Here’s the press release for the game launch.

I hadn’t followed TR very closely. I suppose because it’s been SIX YEARS in development — mentally, I gave up on it. Joke’s on me though, cuz here it is.

BONUS: MMOG Nation has a spiffy write-up re: TR-beta with some good commentary from other beta players. Seems like the $15 monthly is a major sticking point.

12 thoughts on “Tabula Rasa Live

  1. I tried the beta at the end, but for me the gameplay/movement/etc. just wasn’t intuitive/comfortable enough. I guess if I didn’t have enough other nifty games I enjoy playing right now it might have been worth putting the effort in to try to get used to it, but when I do have those other games… eh.

  2. i’ve played the beta too, but the game didn’t seem to stick… hellgate was a lot more fun

  3. THAT was going to be my next question. Hellgate. Few guildmates planning on (or actually are) playing this. Any good?

  4. I got into the betas for hellgate toward the end. If I were not on a limited budget and salivating at the description of pirates coming out in January, I’d have gotten hellgate. as it was, it was an awfully tough choice to skip it.

  5. I just picked up a copy of Tabula Rasa and have about 1 hr of gameplay so far, but I’m liking it a lot so far. The movement is a bit awkward, but the fighting is great. No more just standing there clicking on buttons. Its sorta like GTA, but with a lot more fighting options. Still haven’t really gotten into it enough to give a full opition, but so far im liking what Im seeing.

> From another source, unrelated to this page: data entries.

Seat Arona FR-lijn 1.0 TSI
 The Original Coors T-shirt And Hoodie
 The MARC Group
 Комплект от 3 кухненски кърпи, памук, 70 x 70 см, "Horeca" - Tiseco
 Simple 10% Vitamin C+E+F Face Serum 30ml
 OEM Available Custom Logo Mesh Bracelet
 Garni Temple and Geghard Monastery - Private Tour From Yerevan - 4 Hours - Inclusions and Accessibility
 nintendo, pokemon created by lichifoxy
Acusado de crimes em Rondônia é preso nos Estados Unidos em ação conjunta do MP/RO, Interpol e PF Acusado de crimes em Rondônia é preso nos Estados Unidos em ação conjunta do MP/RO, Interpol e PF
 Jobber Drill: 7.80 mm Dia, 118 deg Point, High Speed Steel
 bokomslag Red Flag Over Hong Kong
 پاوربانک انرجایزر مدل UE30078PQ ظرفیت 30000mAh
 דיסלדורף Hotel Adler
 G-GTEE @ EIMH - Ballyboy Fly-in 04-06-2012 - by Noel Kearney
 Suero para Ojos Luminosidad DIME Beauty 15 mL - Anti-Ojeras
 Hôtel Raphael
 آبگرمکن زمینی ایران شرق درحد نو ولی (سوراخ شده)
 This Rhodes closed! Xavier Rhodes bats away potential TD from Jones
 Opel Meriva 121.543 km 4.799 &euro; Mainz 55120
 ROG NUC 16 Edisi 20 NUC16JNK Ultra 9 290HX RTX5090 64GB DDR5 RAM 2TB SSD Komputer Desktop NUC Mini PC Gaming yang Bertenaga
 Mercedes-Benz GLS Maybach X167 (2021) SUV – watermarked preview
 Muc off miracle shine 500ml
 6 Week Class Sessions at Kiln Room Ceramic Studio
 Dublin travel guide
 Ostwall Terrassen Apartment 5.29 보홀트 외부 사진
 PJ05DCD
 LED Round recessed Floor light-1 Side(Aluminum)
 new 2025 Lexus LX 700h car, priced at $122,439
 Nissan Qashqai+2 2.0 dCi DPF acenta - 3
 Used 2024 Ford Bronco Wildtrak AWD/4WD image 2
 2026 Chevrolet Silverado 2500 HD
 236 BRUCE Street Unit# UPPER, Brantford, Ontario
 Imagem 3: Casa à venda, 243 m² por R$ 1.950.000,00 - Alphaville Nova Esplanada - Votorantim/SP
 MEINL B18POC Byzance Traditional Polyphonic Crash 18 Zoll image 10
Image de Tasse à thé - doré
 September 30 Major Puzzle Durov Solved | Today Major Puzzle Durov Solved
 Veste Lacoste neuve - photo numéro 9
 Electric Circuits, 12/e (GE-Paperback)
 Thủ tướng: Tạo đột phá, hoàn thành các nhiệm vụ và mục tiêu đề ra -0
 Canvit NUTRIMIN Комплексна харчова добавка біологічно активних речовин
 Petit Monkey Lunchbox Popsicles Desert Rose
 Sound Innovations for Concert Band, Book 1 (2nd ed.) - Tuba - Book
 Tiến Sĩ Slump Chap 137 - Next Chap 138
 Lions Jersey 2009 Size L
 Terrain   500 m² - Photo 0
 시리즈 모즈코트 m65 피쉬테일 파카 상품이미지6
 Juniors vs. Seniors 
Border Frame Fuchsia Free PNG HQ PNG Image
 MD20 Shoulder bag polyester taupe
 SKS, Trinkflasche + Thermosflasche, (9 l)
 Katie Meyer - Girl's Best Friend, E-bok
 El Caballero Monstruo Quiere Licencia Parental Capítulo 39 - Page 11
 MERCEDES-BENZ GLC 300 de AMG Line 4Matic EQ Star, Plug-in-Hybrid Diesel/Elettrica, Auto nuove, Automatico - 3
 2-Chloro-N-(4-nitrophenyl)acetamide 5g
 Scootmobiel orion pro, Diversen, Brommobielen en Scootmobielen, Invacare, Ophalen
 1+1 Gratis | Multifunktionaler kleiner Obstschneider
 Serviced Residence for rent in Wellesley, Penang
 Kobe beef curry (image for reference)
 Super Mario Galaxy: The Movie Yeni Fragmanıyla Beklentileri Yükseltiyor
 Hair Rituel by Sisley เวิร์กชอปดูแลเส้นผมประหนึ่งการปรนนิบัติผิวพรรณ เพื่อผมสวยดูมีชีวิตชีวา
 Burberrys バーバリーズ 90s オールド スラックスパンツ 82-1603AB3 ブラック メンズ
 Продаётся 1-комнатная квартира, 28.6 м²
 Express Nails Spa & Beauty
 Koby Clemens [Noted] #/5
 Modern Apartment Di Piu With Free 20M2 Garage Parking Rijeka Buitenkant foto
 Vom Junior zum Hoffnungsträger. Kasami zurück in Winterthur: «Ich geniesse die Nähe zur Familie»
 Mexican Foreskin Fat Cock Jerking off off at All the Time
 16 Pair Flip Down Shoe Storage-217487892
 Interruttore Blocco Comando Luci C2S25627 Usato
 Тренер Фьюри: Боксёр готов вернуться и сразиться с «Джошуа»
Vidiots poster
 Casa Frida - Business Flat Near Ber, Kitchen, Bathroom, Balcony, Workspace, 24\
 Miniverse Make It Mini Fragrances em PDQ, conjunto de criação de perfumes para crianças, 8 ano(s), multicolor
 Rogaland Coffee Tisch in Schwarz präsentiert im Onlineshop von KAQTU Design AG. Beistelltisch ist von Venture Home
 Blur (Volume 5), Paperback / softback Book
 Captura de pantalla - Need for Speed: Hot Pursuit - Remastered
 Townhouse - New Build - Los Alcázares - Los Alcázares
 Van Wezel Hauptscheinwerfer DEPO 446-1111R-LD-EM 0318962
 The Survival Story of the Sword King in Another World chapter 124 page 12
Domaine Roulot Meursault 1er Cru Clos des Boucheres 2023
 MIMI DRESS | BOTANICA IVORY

  6. I played for a few weeks in beta.

    There’s nothing particularly wrong with the game, and I enjoyed the time I spent. But the ‘blank slate’ thing is pure marketing hype. This game is 1) sci fi, 2) roughly fps based, and everything else is exactly like every other MMO you’ve played. I was really disappointed, since I was looking for innovation, which I don’t define as the same class archtypes (now with guns!) in a level system based around gaining experience points from killing mobs and completing quests. What, kill 10 foozles, so I can gain a level and gain more skill points and use a weapon that does X+10 damage?

    Now I make a point of not flaming games just for using a tried and true system that I honestly enjoy for the most part. If you want to iterate on the latest MMO’s, that’s fine, but don’t make me swallow months of marketing about how you threw away the book on making MMO and then produce this crap. Just today I’m reading more British quotes about how WoW just copied EQ and that’s why Tabula Rasa is so awesome. Honestly TB is more like WoW than WoW is like EQ, and TB is even more like LOTRO.

    I’d consider playing Tabula Rasa if it were free. But honestly I might not.

  7. Yeah, nothing about the beta could draw me back in. I leveled to second teir and then never went back. The combat was awkward at best and the interface and npc interanction was cumbersome.

    I like the new header, foton 🙂

  8. Pingback: My Weekend With Tabula Rasa at MMOG Nation

  9. I somehow missed Diablo back in the day, so I think of Hellgate as more like Wolfenstein meets City of Heroes meets 28 Days Later…minus some of the storyline. If there’s single player mode and cutscenes, I haven’t found them. But it’s still a blast. Amongst other things…shooting your guns separately on left and right mouseclick is awesome, in a stupidfun kinda way.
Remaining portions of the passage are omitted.